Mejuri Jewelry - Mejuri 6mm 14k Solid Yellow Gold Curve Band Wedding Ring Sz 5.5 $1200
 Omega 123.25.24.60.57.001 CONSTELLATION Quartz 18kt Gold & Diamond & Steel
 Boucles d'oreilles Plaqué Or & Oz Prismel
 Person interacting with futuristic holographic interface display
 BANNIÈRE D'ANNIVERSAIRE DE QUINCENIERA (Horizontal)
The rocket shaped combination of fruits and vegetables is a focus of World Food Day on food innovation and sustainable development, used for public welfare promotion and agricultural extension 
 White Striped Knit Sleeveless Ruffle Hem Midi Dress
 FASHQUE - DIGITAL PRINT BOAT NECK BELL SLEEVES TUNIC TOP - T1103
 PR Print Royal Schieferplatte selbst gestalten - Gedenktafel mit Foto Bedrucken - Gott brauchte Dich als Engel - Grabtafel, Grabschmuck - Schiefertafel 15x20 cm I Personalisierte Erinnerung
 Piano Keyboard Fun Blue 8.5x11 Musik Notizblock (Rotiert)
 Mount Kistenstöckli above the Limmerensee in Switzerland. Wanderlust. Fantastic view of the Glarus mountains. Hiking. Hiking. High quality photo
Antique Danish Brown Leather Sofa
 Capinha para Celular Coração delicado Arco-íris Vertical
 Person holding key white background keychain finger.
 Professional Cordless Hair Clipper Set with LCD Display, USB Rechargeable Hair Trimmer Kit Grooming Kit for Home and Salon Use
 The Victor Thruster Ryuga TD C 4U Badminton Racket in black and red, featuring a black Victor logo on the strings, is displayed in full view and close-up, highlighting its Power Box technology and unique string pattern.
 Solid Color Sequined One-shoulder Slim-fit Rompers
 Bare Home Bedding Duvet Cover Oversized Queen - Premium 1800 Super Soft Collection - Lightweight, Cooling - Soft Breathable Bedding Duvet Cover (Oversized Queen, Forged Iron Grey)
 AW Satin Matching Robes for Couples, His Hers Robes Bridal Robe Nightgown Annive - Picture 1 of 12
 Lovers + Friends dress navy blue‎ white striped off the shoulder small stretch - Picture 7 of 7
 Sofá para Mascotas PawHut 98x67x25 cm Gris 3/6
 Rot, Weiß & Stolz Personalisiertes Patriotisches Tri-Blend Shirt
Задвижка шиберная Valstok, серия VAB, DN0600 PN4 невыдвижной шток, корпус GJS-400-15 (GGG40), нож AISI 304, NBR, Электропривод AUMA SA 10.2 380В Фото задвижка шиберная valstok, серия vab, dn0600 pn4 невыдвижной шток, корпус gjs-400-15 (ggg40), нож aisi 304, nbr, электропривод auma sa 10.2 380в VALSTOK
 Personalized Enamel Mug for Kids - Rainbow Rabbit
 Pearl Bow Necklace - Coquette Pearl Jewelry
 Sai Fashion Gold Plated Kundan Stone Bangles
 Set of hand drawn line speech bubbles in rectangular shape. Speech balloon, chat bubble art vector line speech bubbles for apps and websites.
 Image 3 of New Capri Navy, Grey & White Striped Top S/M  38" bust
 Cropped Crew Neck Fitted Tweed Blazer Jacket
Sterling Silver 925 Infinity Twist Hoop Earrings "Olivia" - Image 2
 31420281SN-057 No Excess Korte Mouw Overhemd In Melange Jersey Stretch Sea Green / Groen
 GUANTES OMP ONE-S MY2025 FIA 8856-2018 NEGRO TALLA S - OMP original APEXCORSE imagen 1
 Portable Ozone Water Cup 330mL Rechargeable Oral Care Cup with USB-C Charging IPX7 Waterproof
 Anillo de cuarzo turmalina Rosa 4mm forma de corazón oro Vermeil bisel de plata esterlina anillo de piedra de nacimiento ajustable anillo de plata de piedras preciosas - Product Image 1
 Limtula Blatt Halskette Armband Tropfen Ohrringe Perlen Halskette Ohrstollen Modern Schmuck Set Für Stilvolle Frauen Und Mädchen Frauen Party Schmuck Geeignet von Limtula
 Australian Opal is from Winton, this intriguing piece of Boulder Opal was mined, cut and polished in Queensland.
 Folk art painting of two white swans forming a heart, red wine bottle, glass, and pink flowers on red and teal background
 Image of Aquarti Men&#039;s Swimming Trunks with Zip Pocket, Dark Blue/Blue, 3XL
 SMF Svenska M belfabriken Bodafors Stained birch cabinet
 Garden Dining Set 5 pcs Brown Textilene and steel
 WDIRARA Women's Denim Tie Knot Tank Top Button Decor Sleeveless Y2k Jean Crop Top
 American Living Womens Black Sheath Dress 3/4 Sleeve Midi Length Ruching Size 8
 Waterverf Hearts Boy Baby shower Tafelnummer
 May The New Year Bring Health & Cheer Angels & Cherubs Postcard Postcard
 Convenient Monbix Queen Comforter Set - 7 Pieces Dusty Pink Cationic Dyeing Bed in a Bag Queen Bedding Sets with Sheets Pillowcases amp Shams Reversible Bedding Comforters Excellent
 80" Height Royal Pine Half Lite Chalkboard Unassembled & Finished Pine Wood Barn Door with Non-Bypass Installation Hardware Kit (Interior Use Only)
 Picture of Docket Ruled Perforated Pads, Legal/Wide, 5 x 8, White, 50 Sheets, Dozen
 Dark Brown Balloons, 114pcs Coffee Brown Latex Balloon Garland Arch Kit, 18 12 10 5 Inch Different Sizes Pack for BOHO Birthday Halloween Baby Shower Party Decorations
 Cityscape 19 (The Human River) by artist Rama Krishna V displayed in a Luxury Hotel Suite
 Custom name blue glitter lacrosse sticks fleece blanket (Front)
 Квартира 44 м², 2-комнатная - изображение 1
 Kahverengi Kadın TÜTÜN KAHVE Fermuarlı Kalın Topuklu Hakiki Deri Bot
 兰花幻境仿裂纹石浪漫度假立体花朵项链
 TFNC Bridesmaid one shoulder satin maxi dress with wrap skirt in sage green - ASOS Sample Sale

● PROMPT
If a line comes after the one that contains "Piano Keyboard Fun", leave it out; return every line of the entries up to that point exactly, starting with the first, with that line included.

● SOLUTION TO THIS EXERCISE
Mejuri Jewelry - Mejuri 6mm 14k Solid Yellow Gold Curve Band Wedding Ring Sz 5.5 $1200
 Omega 123.25.24.60.57.001 CONSTELLATION Quartz 18kt Gold & Diamond & Steel
 Boucles d'oreilles Plaqué Or & Oz Prismel
 Person interacting with futuristic holographic interface display
 BANNIÈRE D'ANNIVERSAIRE DE QUINCENIERA (Horizontal)
The rocket shaped combination of fruits and vegetables is a focus of World Food Day on food innovation and sustainable development, used for public welfare promotion and agricultural extension 
 White Striped Knit Sleeveless Ruffle Hem Midi Dress
 FASHQUE - DIGITAL PRINT BOAT NECK BELL SLEEVES TUNIC TOP - T1103
 PR Print Royal Schieferplatte selbst gestalten - Gedenktafel mit Foto Bedrucken - Gott brauchte Dich als Engel - Grabtafel, Grabschmuck - Schiefertafel 15x20 cm I Personalisierte Erinnerung
 Piano Keyboard Fun Blue 8.5x11 Musik Notizblock (Rotiert)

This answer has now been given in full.